### Problem:
Retype the listing below exactly, pictures removed.

*** Opening of Record set ***

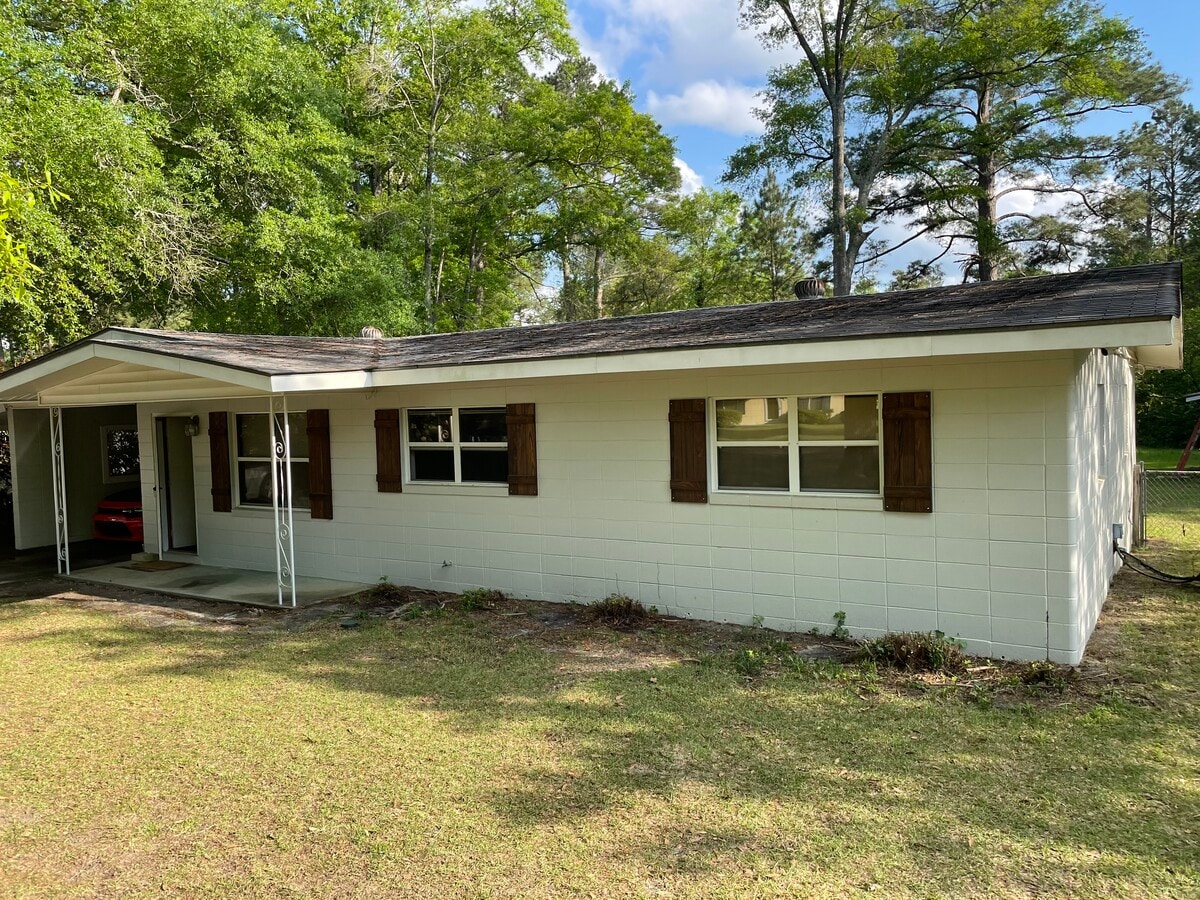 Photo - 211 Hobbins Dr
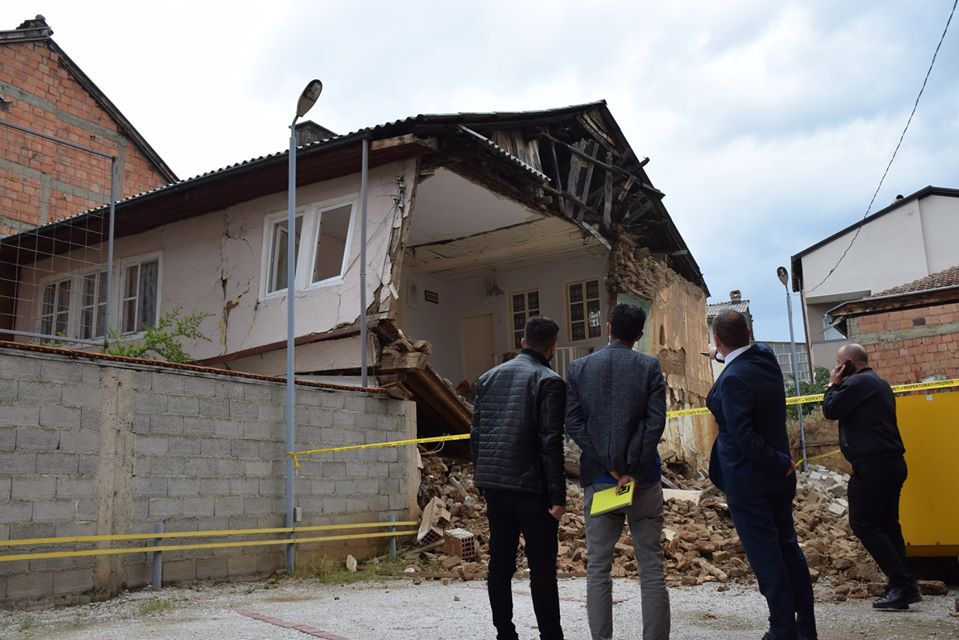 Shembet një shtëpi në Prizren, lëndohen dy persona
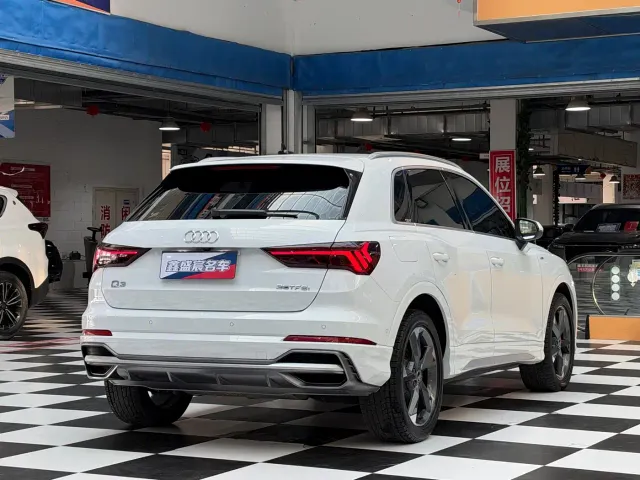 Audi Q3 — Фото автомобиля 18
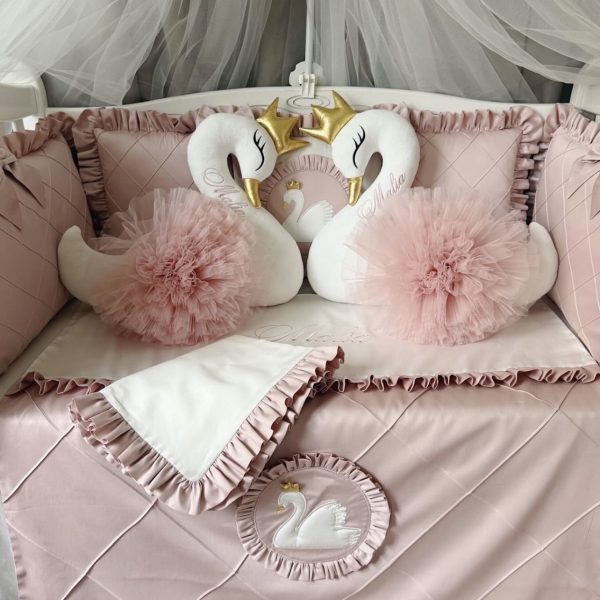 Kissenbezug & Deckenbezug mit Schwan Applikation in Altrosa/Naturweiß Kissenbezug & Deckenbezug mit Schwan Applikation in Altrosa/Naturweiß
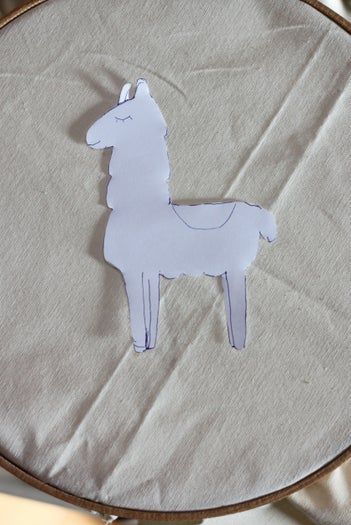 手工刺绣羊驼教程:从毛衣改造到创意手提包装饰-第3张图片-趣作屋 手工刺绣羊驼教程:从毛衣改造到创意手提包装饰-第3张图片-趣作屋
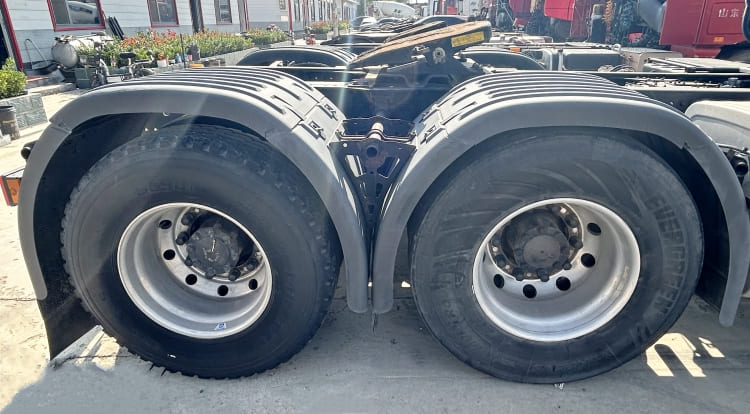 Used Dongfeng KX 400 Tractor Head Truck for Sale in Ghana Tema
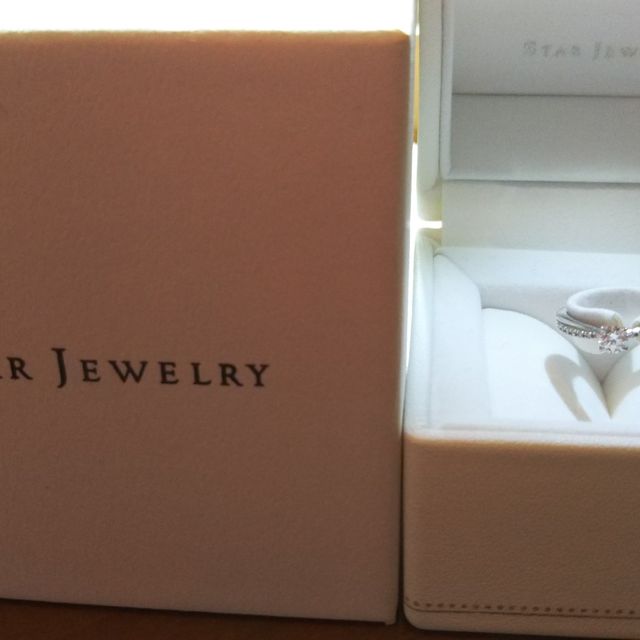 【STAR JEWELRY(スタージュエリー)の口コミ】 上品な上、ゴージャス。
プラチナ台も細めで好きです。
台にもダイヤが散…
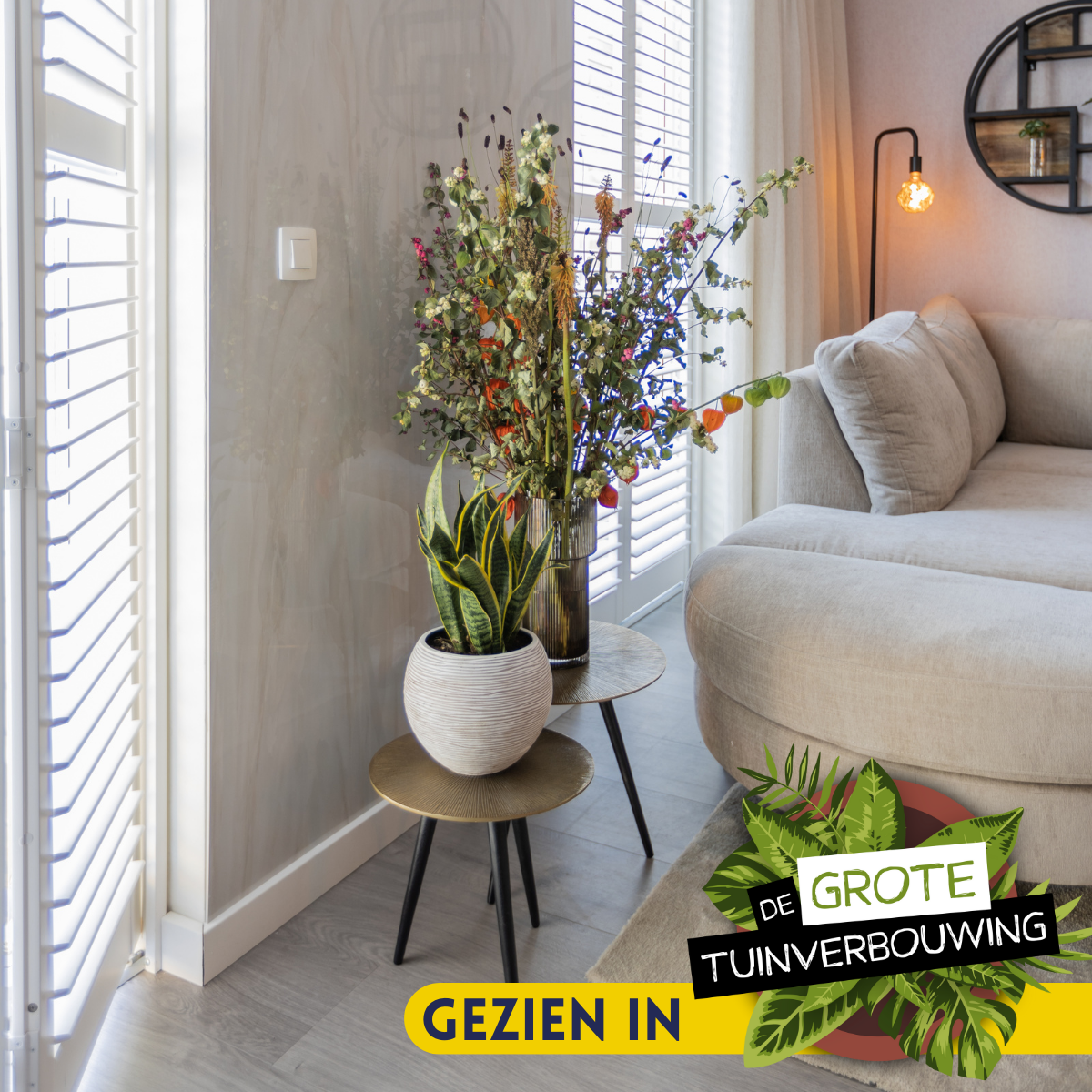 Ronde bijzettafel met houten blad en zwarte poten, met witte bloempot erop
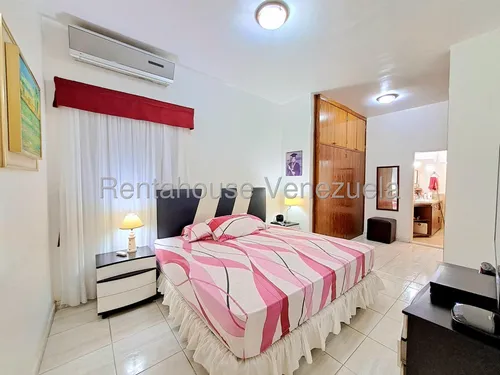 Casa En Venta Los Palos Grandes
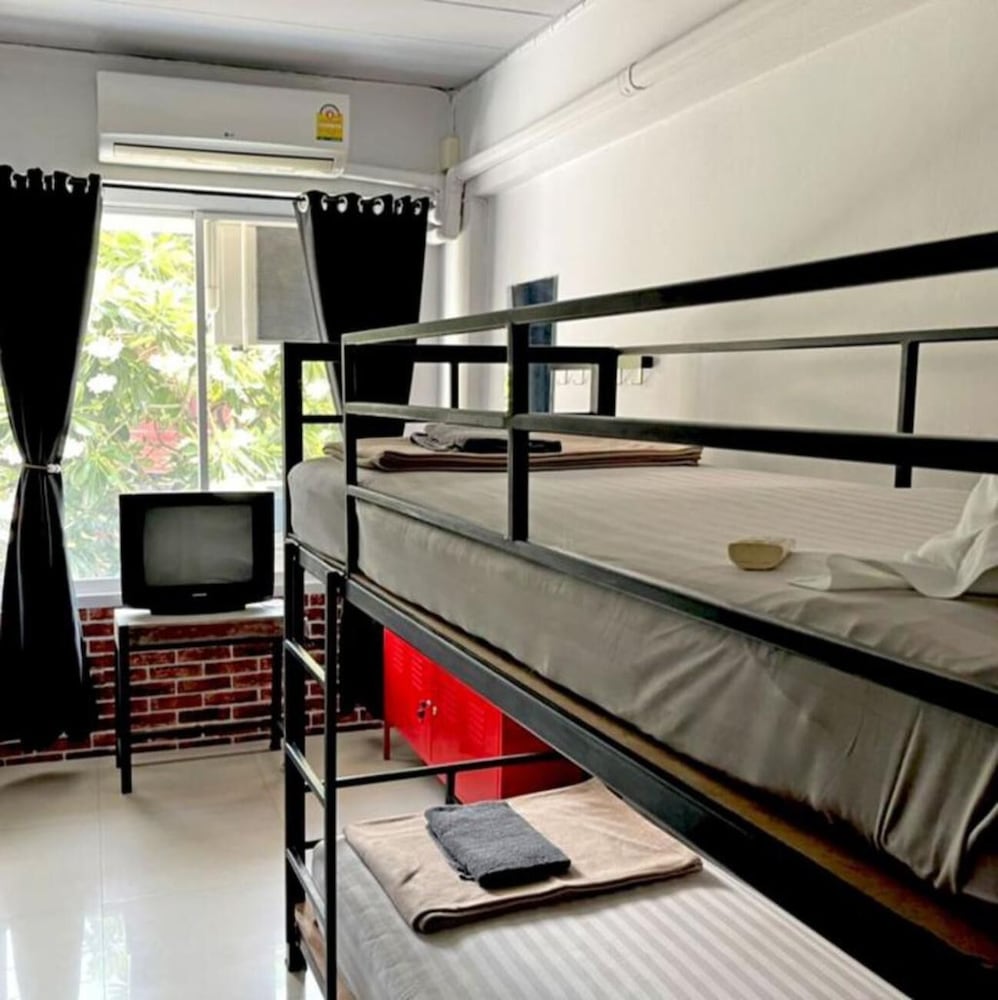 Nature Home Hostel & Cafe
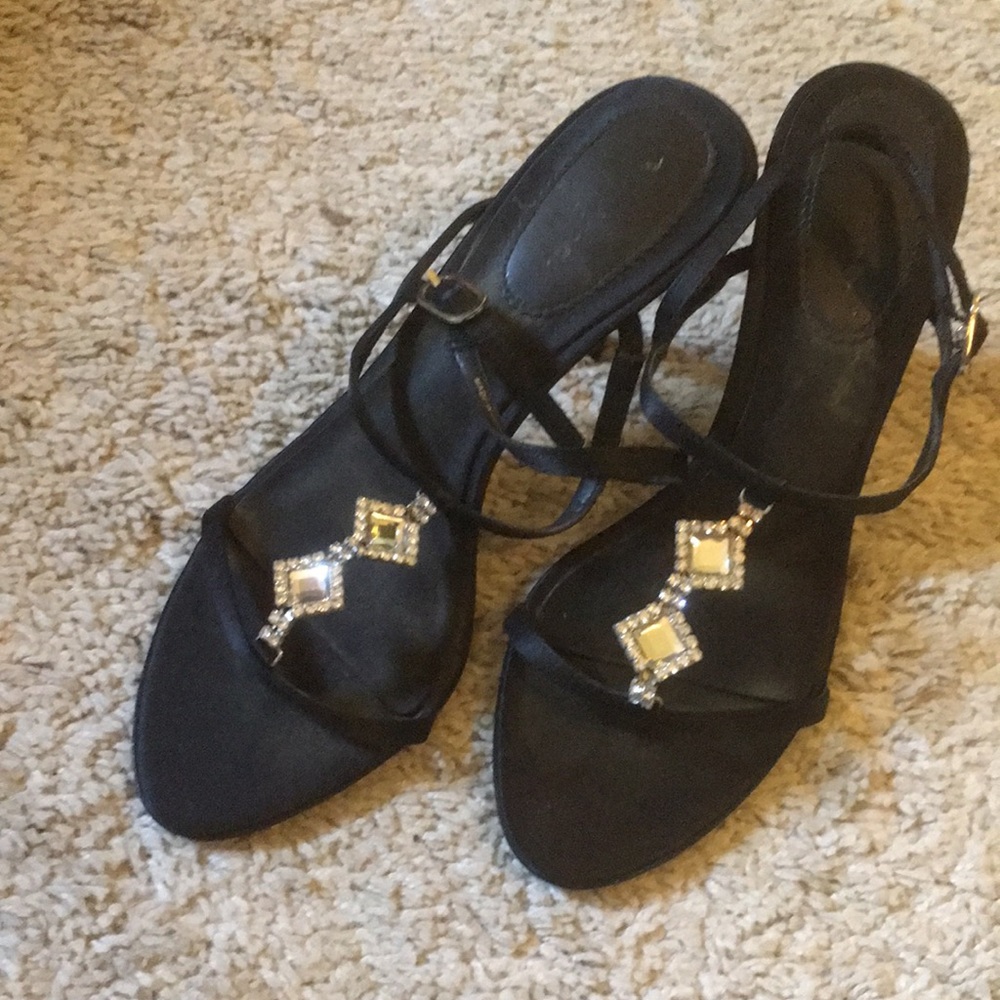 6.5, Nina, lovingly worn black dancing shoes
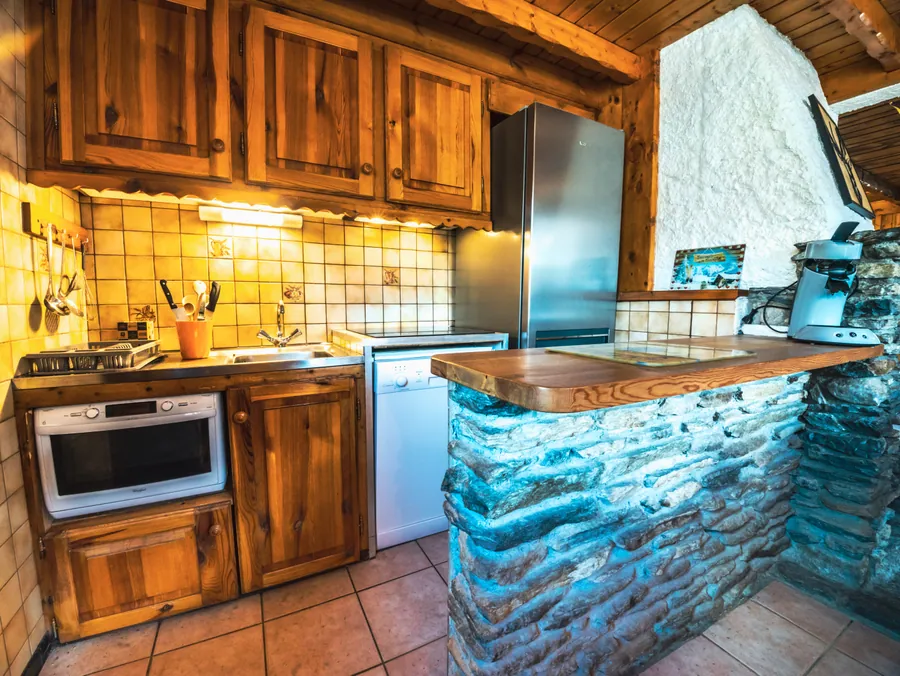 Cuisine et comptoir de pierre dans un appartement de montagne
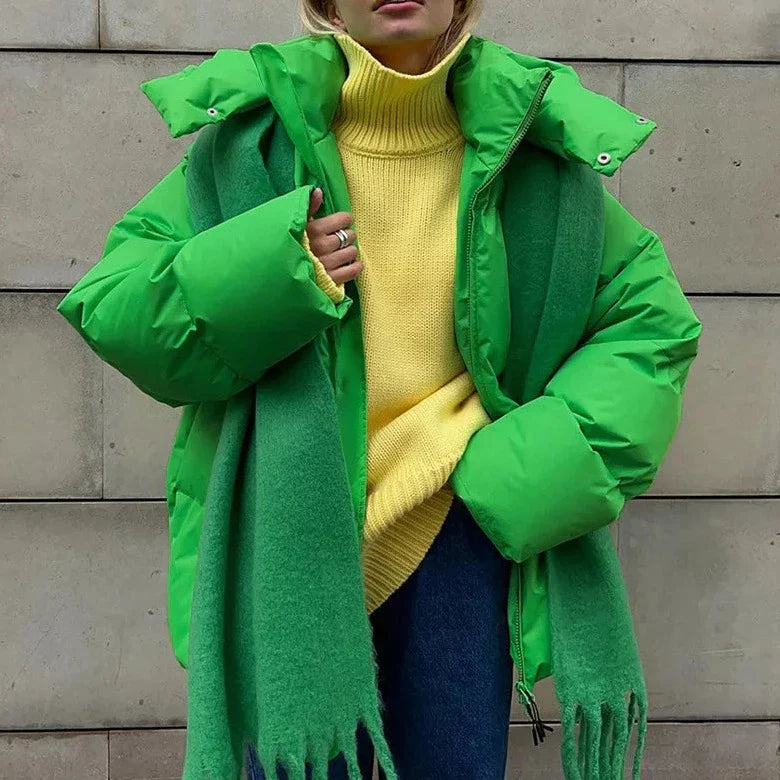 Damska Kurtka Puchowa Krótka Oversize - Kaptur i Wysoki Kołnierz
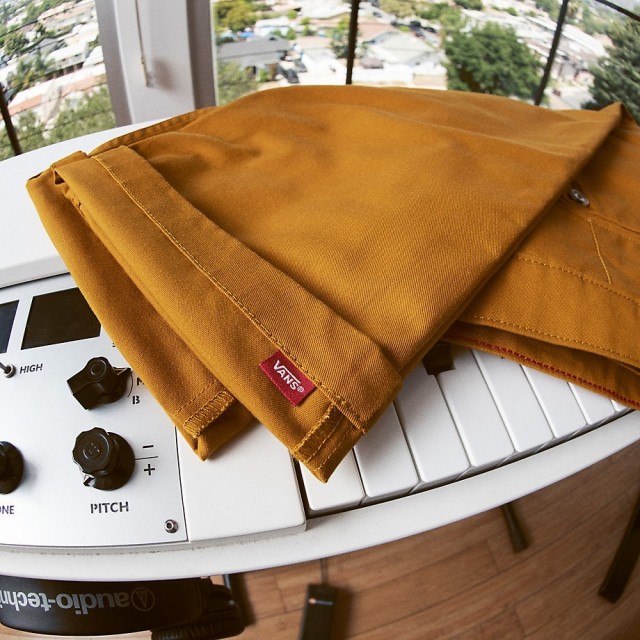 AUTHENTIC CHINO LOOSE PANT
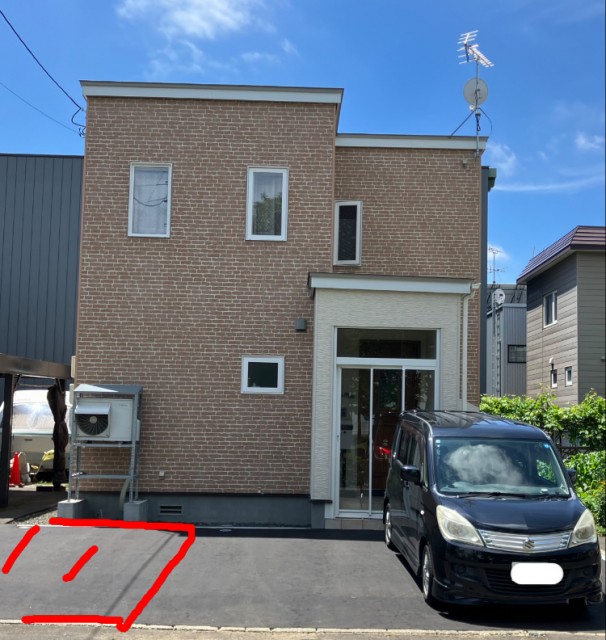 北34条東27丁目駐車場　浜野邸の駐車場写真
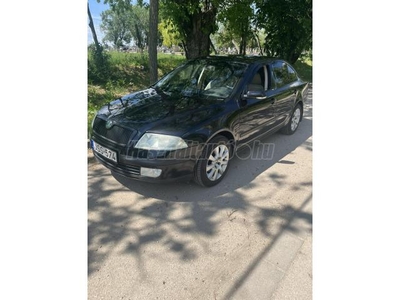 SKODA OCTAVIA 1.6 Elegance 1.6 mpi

*** Close of Record set ***

### Result of this task:
 Photo - 211 Hobbins Dr
 Shembet një shtëpi në Prizren, lëndohen dy persona
 Audi Q3 — Фото автомобиля 18
 Kissenbezug & Deckenbezug mit Schwan Applikation in Altrosa/Naturweiß Kissenbezug & Deckenbezug mit Schwan Applikation in Altrosa/Naturweiß
 手工刺绣羊驼教程:从毛衣改造到创意手提包装饰-第3张图片-趣作屋 手工刺绣羊驼教程:从毛衣改造到创意手提包装饰-第3张图片-趣作屋
 Used Dongfeng KX 400 Tractor Head Truck for Sale in Ghana Tema
 【STAR JEWELRY(スタージュエリー)の口コミ】 上品な上、ゴージャス。
プラチナ台も細めで好きです。
台にもダイヤが散…
 Ronde bijzettafel met houten blad en zwarte poten, met witte bloempot erop
 Casa En Venta Los Palos Grandes
 Nature Home Hostel & Cafe
 6.5, Nina, lovingly worn black dancing shoes
 Cuisine et comptoir de pierre dans un appartement de montagne
 Damska Kurtka Puchowa Krótka Oversize - Kaptur i Wysoki Kołnierz
 AUTHENTIC CHINO LOOSE PANT
 北34条東27丁目駐車場　浜野邸の駐車場写真
 SKODA OCTAVIA 1.6 Elegance 1.6 mpi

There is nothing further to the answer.